Hang on to your seats folks, because The Muscles From Brussels goes full-on Thai in this 1989 martial arts adventure, with the Belgian actor studying the fundamentals of Muay Thai, the national sport of Thailand. In its time, Kickboxer surveyed unchartered thematic territory in addressing police corruption, interracial relations, alcoholism and even sexual abuse. It also explored some rather magnificent surroundings, as backdrops for the training scenes including the jaw-dropping temples in Wat Phra Si Sanphet and Wat Ratchaburana, part of the ruins of Ayutthaya city in Thailand. The film was produced and directed by Mark DiSalle, and also directed by David Worth. As an added bonus, we have the 80s training montage dream team of Stan Bush and Paul Hertzog back from Bloodsport to grace us all with their timeless and I must say, shamelessly-catchy inspirational lyrics!

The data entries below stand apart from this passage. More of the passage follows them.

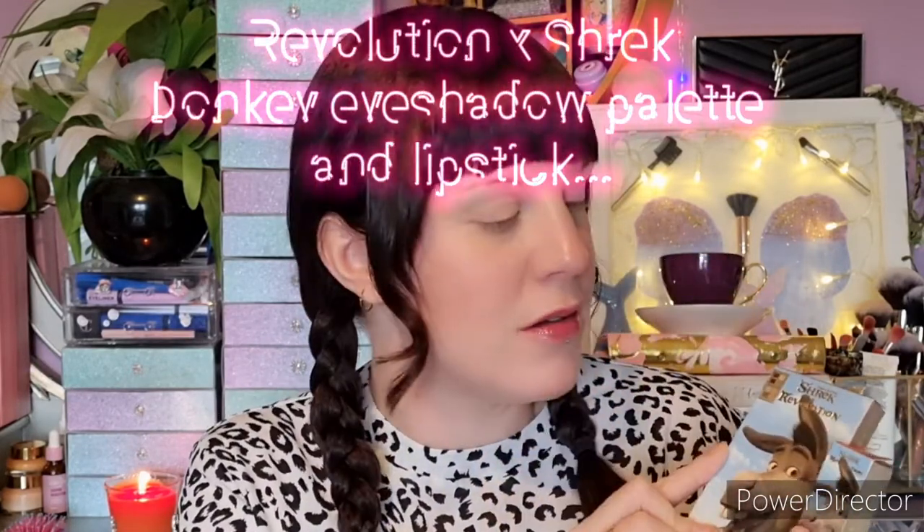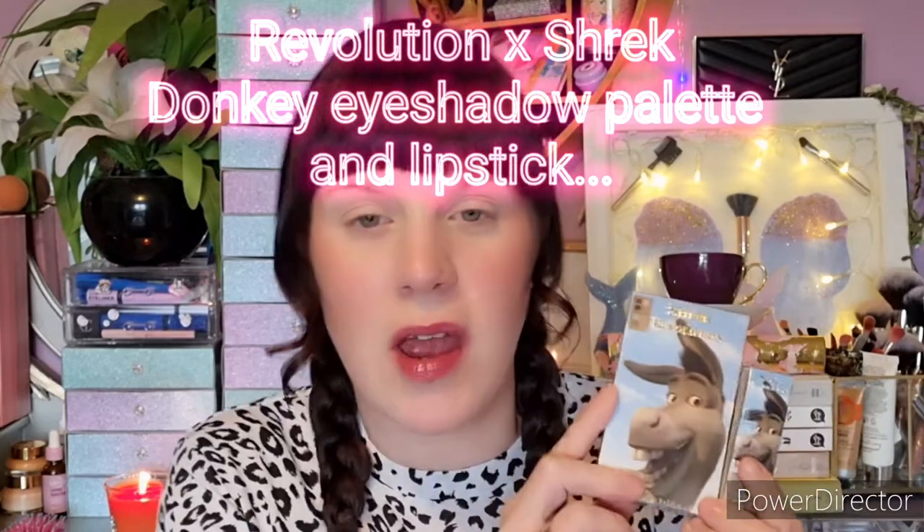Today I'm really excited — I have two items from the Revolution and Shrek collection. It came out a couple of weeks ago and I am a bit late to the party. I ordered it kind of when it released but I've been a bit busy. I will do a life update very soon explaining what I've been up to.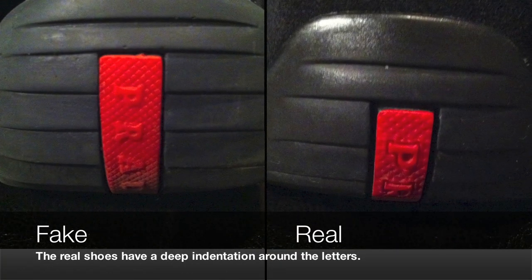The red rubber stripe on the real shoe has an indentation around each of the letters in the word Prada, which the fake shoe doesn't have. The R on the fake shoe is also missing that indentation below the curve. The font on the real shoe is a lot more heavily embossed and a lot larger than on the fake shoe.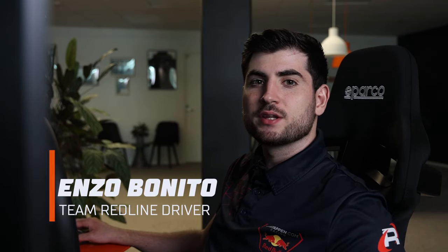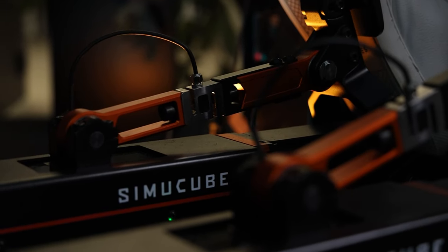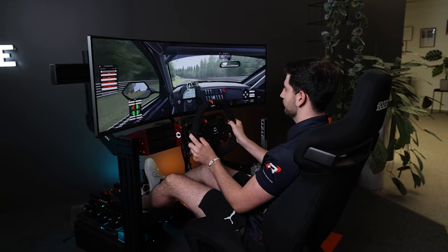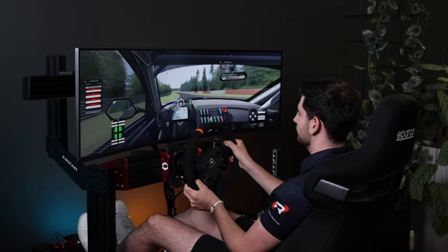Hello guys, I'm Enso Bonito from Team Redline and I've been playing with the active pedals from SimuCube headquarters for quite a bit now. I've been driving the LMDH B&W prototype car on Watkins Glen on iRacing and I came up with some pretty interesting settings actually.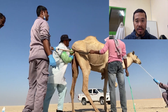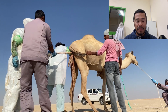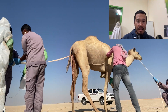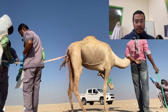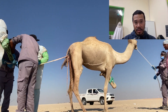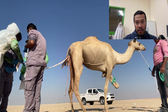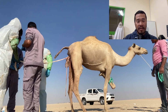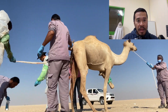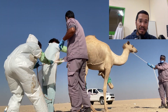The fetus's position made it very difficult to deliver because the limbs were presented first — the feet — but the limbs were over the head and neck of the fetus. The fetal head was down and basically blocking the exit.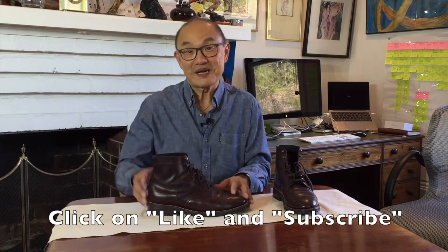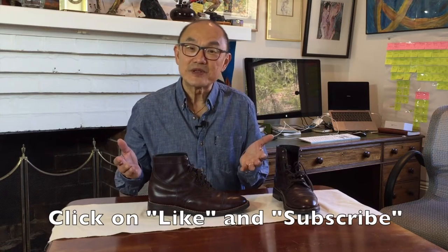Before we go on, if you're liking this video, how about helping me out by clicking on the like and subscribe buttons below. It helps me put the video out to more people's views and that really helps my channel.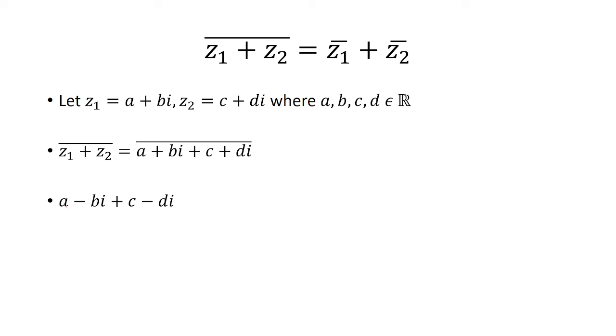And notice the conjugate of a plus bi is a minus bi, and the conjugate of c plus di is c minus di. And so these are going to be the conjugate of z1 plus the conjugate of z2.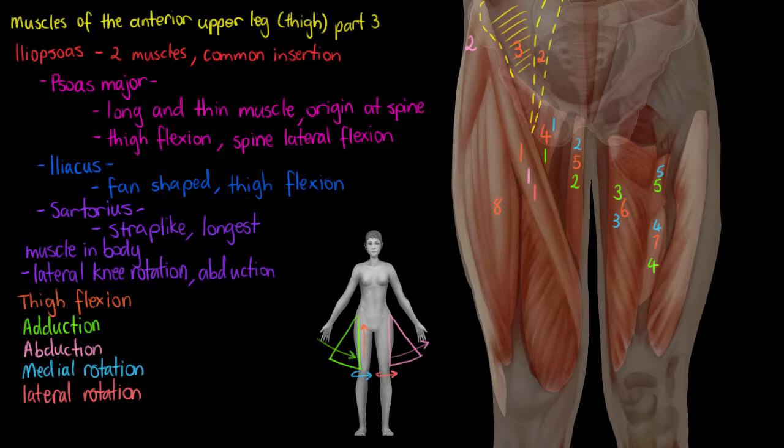Our last movement type exclusive to our upper leg is knee extension — simply when your leg is bent, straightening it out as if you were standing upright. When you're standing upright, your knee is fully extended, and the knee extensors are the muscles that help you do that. They're mainly going to be your quadricep muscles — the ones you'd be using in a squat: the vastus medialis, lateralis, intermedius, and our rectus femoris.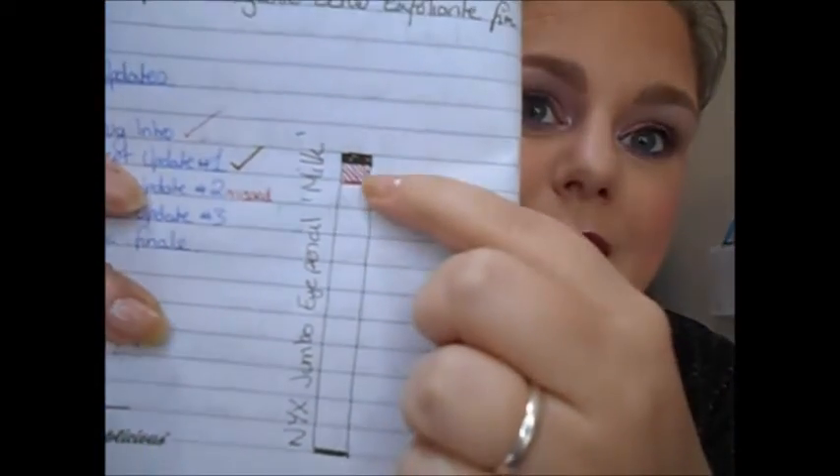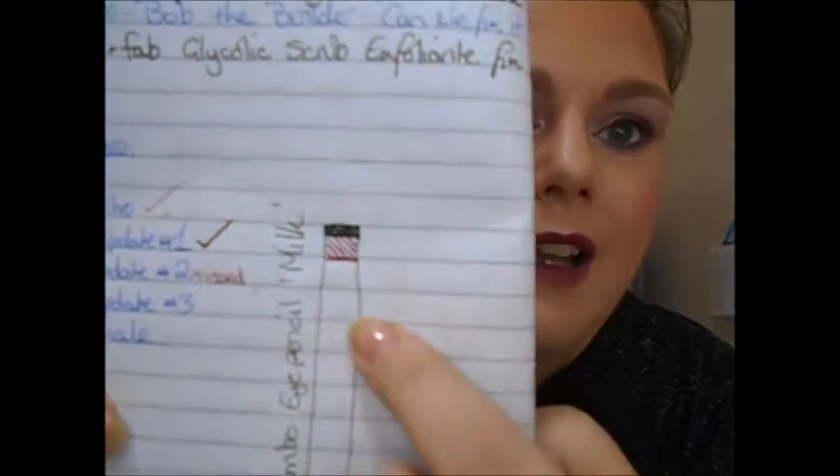The next item is my NYX Jumbo Eye Pencil. My goal is to get down to the word NYX. I use this as a base for my eyeshadow today, just because it does make the colour pop a little bit more and more true to colour. The progress I've had is about just short of a centimetre of use, so I'm pretty happy with that. The main goal is to get down to the word NYX, and I'm pretty close to that. If I continue to use it as much as I have been recently, I'm going to be close to hitting it.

Jean-Claude Van Damme portrays Kurt Sloane with surprising skill in Kickboxer, and would seem to have learned a fair bit since the previous year’s effort in Bloodsport. He expresses a full palette of believable emotions, and truly shines in grieving for his paralyzed brother. Although he is playing more or less the same character as in his preceding roles, he allows tiny morsels of humour to creep into his performance, which is ultimately to the benefit of the project. Dennis Alexio on the other hand was clearly chosen for his real-life martial arts abilities and does an above-average job with his character, Eric Sloane. Dennis Chan plays Xian Chow, the wise old sage who speaks like Charlie Chan and has the dime-store philosophy to match, while Michael Qissi is Tong Po, the savage bent on killing innocent young American boys. Haskell V. Anderson does a fantastic job as Winston Taylor, evoking the generation of Vietnam vets who went into hibernation following the culmination of the war, only to lose their ability to face real-world problems. He portrays a man with a troubled history, who overcomes his demons through a belated coming-of-age and atonement for his past behaviour.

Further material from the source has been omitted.